* [Your instructions] In the data that follows, find the line with "A member church"; transcribe it, every later line up to the one with "New York Islanders'", and that line as well, exactly and with no others.

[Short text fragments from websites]

########

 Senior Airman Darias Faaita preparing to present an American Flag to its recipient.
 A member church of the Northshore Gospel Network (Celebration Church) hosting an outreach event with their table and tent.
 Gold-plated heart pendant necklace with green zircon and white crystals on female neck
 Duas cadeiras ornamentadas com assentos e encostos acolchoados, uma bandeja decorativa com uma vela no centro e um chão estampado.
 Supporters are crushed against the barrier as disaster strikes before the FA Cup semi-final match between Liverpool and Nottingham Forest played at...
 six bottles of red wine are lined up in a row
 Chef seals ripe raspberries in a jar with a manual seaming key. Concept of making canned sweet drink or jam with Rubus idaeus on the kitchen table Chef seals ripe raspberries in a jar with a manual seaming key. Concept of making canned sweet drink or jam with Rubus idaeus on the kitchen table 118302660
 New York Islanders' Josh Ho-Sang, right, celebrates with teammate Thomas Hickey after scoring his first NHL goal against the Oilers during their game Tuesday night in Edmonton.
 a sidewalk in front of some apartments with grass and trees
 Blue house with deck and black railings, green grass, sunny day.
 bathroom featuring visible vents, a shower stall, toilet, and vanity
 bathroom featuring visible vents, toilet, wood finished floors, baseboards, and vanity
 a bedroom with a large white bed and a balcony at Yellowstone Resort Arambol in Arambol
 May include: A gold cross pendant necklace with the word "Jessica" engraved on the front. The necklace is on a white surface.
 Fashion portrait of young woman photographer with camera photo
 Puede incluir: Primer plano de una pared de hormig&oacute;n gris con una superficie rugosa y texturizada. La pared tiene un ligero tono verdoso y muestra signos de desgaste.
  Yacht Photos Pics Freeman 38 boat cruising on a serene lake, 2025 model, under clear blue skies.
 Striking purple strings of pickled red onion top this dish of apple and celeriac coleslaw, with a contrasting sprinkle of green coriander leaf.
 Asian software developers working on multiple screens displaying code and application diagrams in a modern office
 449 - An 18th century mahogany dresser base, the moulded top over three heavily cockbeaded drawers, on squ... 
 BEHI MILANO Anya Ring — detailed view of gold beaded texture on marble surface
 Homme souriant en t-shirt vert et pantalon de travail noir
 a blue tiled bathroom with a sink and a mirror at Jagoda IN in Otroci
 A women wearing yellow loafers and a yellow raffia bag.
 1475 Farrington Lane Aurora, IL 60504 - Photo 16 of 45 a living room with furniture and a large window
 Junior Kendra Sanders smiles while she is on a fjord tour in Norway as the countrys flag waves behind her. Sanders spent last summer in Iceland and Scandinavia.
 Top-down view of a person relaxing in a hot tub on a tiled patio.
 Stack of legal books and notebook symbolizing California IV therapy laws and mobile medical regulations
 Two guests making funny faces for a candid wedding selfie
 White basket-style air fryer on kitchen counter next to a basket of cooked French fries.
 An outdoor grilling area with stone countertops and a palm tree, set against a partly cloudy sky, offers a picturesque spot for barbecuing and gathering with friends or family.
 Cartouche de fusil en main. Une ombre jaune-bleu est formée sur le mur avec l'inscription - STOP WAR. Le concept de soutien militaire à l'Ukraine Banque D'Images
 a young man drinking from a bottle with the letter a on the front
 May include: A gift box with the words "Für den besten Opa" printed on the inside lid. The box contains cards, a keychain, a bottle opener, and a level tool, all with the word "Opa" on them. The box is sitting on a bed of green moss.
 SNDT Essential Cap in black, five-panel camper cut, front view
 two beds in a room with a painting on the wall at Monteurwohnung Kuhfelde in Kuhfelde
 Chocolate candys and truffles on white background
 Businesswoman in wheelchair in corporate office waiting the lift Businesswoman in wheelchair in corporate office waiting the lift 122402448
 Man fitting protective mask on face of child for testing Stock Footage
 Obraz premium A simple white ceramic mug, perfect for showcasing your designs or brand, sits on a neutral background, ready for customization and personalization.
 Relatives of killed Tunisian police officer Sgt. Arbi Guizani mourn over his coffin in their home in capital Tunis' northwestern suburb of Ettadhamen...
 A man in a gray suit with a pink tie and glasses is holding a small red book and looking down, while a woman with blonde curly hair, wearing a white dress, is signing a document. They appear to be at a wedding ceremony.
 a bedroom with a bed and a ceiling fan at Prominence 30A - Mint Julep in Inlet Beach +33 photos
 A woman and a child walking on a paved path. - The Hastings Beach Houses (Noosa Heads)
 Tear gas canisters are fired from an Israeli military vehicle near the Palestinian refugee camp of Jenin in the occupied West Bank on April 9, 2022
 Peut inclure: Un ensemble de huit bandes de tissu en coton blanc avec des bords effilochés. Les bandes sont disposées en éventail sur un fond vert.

########

* [Answer to this problem]
 A member church of the Northshore Gospel Network (Celebration Church) hosting an outreach event with their table and tent.
 Gold-plated heart pendant necklace with green zircon and white crystals on female neck
 Duas cadeiras ornamentadas com assentos e encostos acolchoados, uma bandeja decorativa com uma vela no centro e um chão estampado.
 Supporters are crushed against the barrier as disaster strikes before the FA Cup semi-final match between Liverpool and Nottingham Forest played at...
 six bottles of red wine are lined up in a row
 Chef seals ripe raspberries in a jar with a manual seaming key. Concept of making canned sweet drink or jam with Rubus idaeus on the kitchen table Chef seals ripe raspberries in a jar with a manual seaming key. Concept of making canned sweet drink or jam with Rubus idaeus on the kitchen table 118302660
 New York Islanders' Josh Ho-Sang, right, celebrates with teammate Thomas Hickey after scoring his first NHL goal against the Oilers during their game Tuesday night in Edmonton.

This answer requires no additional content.